### Problem requirements:
Your task is to return all of the records exactly, minus any images.
═══ Provided entries
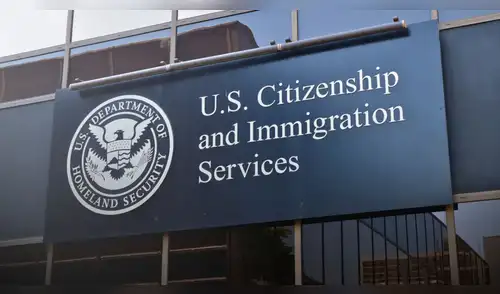 Alerta migratoria EE.UU. modifica pagos y esto será obligatorio para quienes quieran quedarse. elpopular.pe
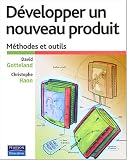 Développer un nouveau produit : Méthodes et outils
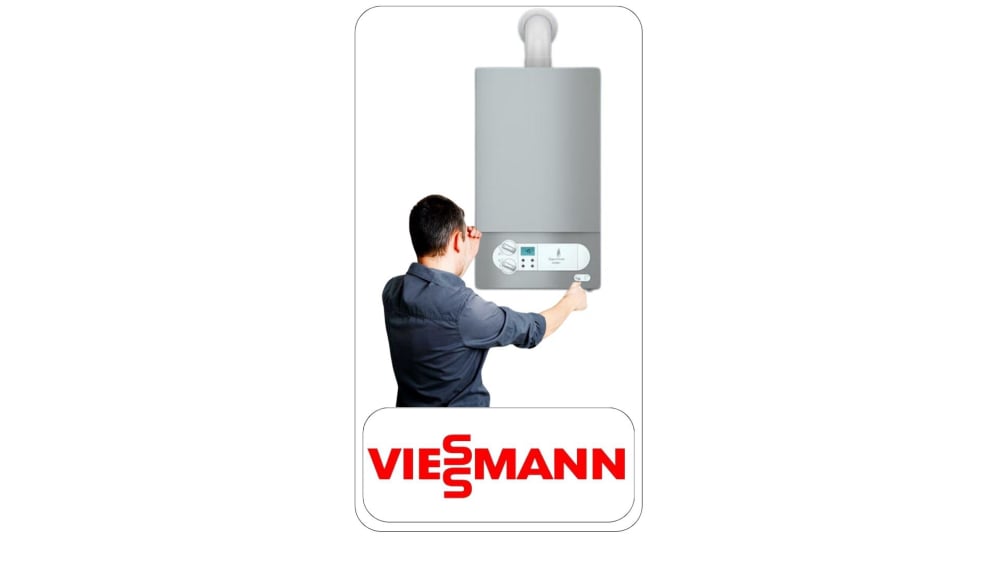 Pendik Kombi Servis | Viessmann Kombi Arıza | TEL: 0 (555) - 889 29 90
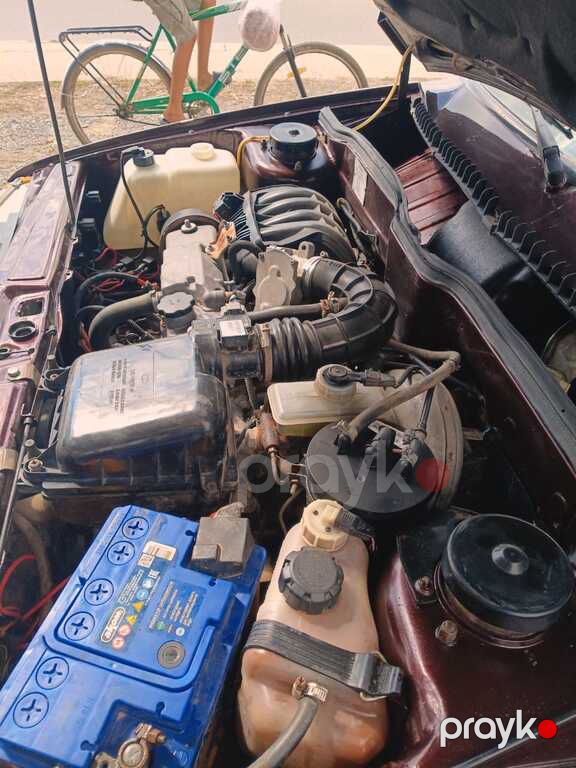 Lada (VAZ) 2115, 1.6 L, 2012 il, 250 000 km — Avtomobillər, Beyləqan (7)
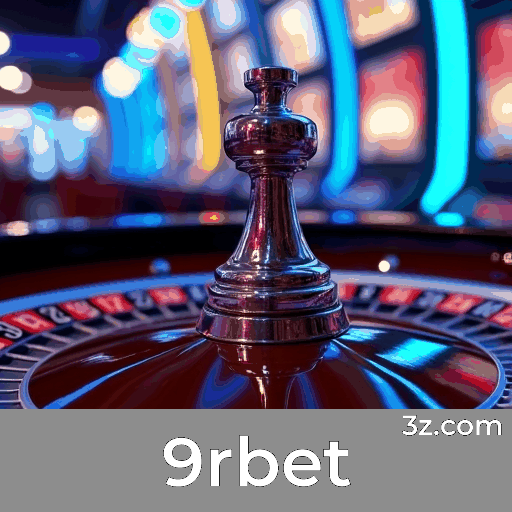 9rbet: Cassino Online Seguro e Divertido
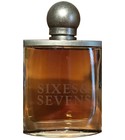 בושם Sixes & Sevens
══════
### Result of this exercise:
 Alerta migratoria EE.UU. modifica pagos y esto será obligatorio para quienes quieran quedarse. elpopular.pe
 Développer un nouveau produit : Méthodes et outils
 Pendik Kombi Servis | Viessmann Kombi Arıza | TEL: 0 (555) - 889 29 90
 Lada (VAZ) 2115, 1.6 L, 2012 il, 250 000 km — Avtomobillər, Beyləqan (7)
 9rbet: Cassino Online Seguro e Divertido
 בושם Sixes & Sevens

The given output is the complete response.